Direktur Penyidikan Jampidsus Kejaksaan Agung Kuntadi berbicara dalam konferensi pers di Gedung Puspenkum Kejaksaan Agung, Jakarta, Senin (13/3/2023).
Penulis: Ira Guslina Sufa
10/5/2023, 07.40 WIB

Kejaksaan Agung mengungkap modus dugaan korupsi pengelolaan Dana Pensiun Perusahaan Pelabuhan dan Pengerukan (DP4) PT Pelabuhan Indonesia pada periode 2013 sampai 2019. Dalam perkara ini kejagung telah menetapkan enam orang tersangka. 

“Untuk mempercepat proses penyidikan, keenam orang tersangka dilakukan penahanan,” ujar Kepala Pusat Penerangan Hukum Kejaksaan Agung Ketut Sumedana seperti dikutip Rabu (10/5). 

Ketut mengatakan tersangka pertama adalah Edi Winoto (EWI) yang merupakan Direktur Utama DP4 periode 2011 sampai 2016. Selanjutnya Khamidin Suwarjo (KAM) selaku Direktur Bidang Keuangan dan Investasi DP4 periode 2008 sampai  2014,  Umar Samiaji (US) yang merupakan Manajer Investasi DP4 periode 2005-2019 dan Imam Syafingi (IS) yang merupakan Staf Investasi Sektor Ril di DP4 periode 2012-2017. 

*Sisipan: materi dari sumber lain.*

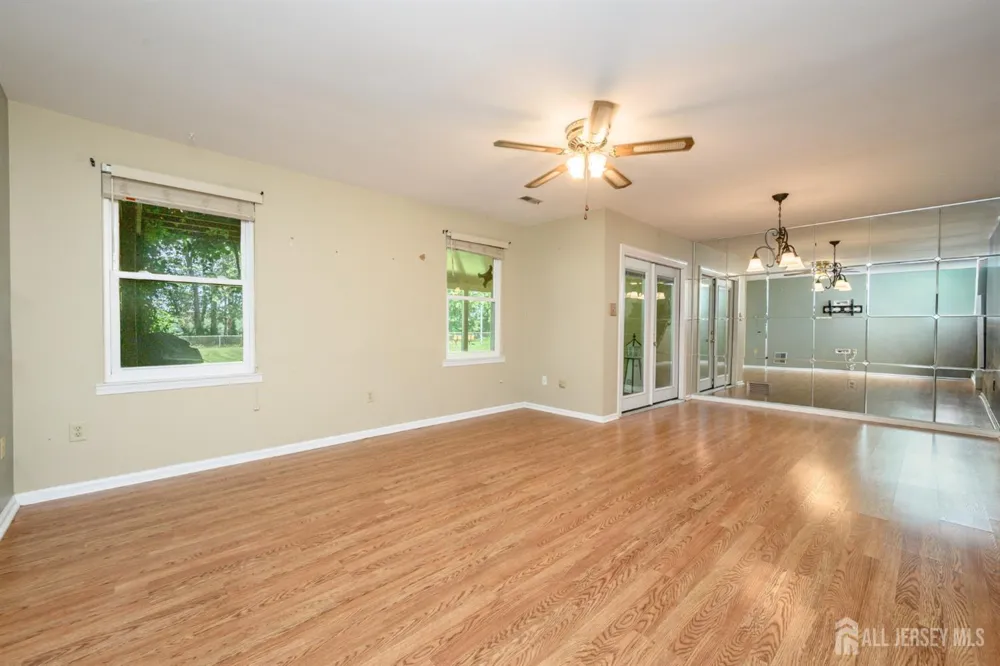 39 River Bank Drive Florence, NJ 08554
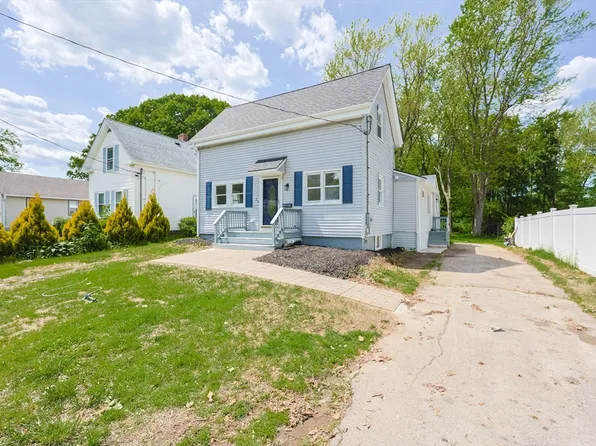 28 Custer St, Rockland, MA 02370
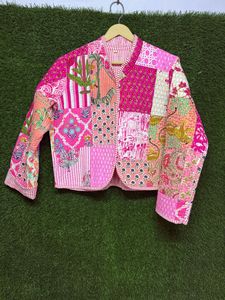 Chaqueta de Algodón Acolchada con Estampado Indio, Chaqueta Boho con Flores de Patchwork Hechas a Mano, Abrigo Reversible Ecológico Ligero con Botones para Mujer - Product Image 4
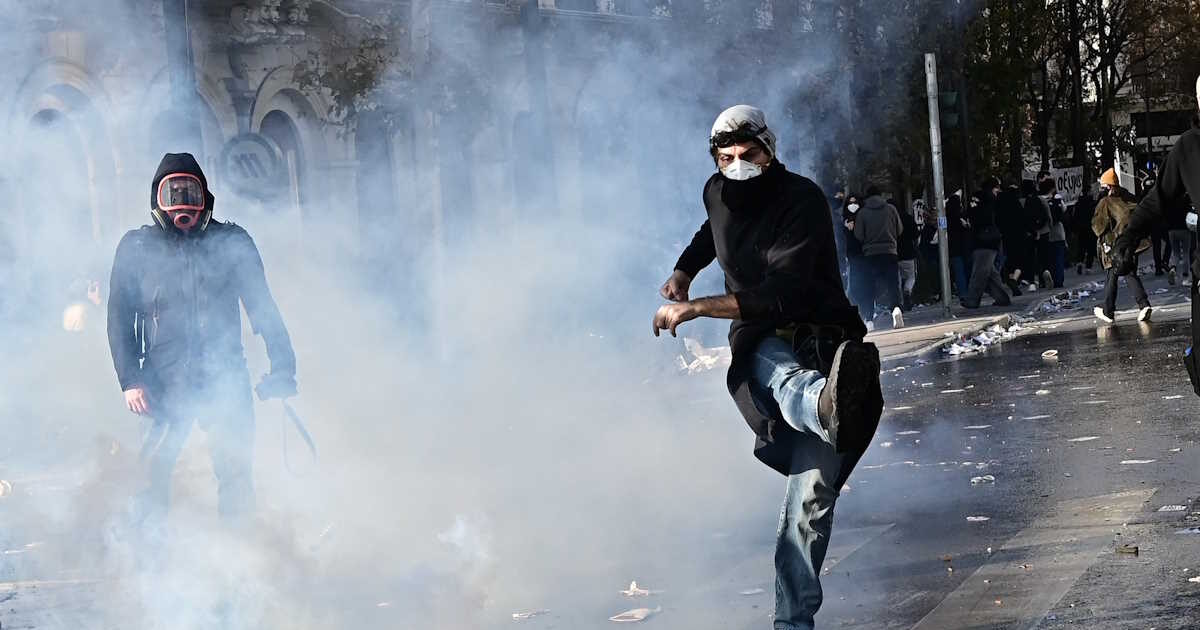 220 προσαγωγές, 73 συλλήψεις και 29 αστυνομικοί τραυματίες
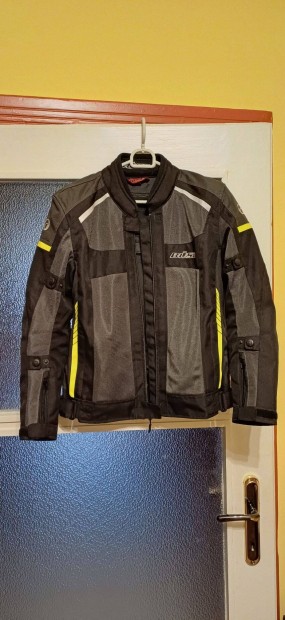 B�se n�i motoros kab�t S-es Szinte �j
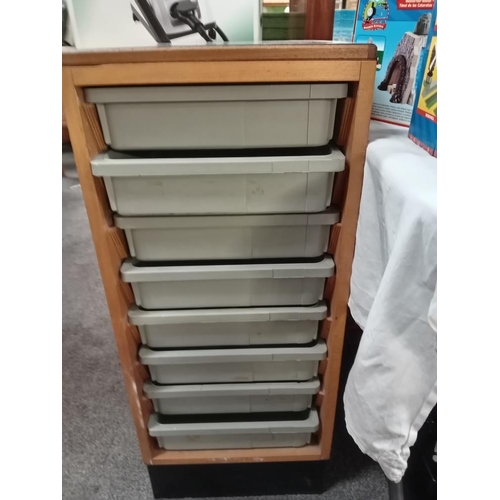 754 - A set of office filing drawers with plastic trays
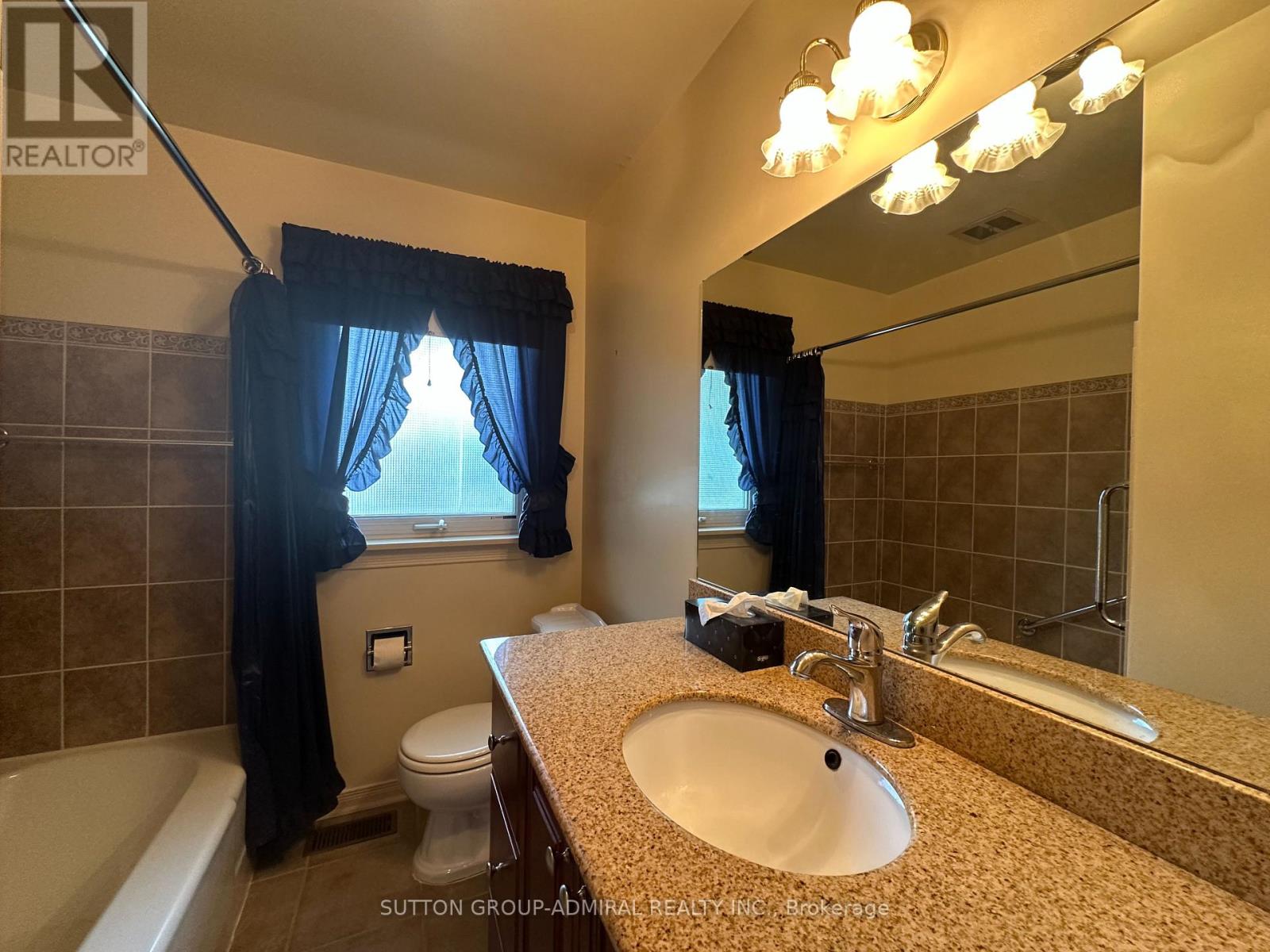 94 Queen Street S, New Tecumseth (Tottenham), Ontario  L0G 1W0 - Photo 20 - N13818834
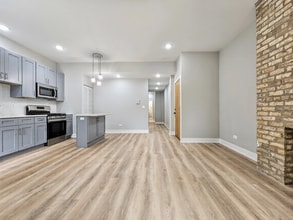 441 W Belden Ave in Chicago, IL - Building Photo - Building Photo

Nama lain yang turut ditetapkan sebagai tersangka adalah Chiefy Adi Kusmargono (CAK) yang merupakan Dewan Pengawas DP4 tahun 2012. Selain lima  tersangka dari pihak internal DP4, Kejaksaan juga menetapkan tersangka dari eksternal yaitu Ahmad Adhi Aristo (AHM) selaku makelar tanah dari pihak swasta.

Ketut menjelaskan dalam pelaksanaan program pengelolaan DP4, telah dilakukan investasi pada pembelian tanah serta penyertaan modal pada PT Indoport Utama (IU) dan PT Indoport Prima (IP). Kejaksaan menemukan adanya indikasi perbuatan melawan hukum yang menyebabkan kerugian keuangan negara sebesar Rp 148 miliar. 

Peran Tersangka Korupsi Dana Pensiun Pelindo

Ketut menjelaskan dalam dugaan korupsi para tersangka memiliki peran berbeda. Edi Winoto dinilai secara melawan hukum telah menyetujui pembelian tanah tanpa didasari Standar Operasional Prosedur (SOP). 

Dalam pelaksanaannya Edi berdalih melakukan penyertaan modal ke PT Indoport Prima dan Indoport Utama di mana ia menjabat sebagai komisaris. Dengan begitu uang dapat dikeluarkan dan mendapat keuntungan secara tidak sah.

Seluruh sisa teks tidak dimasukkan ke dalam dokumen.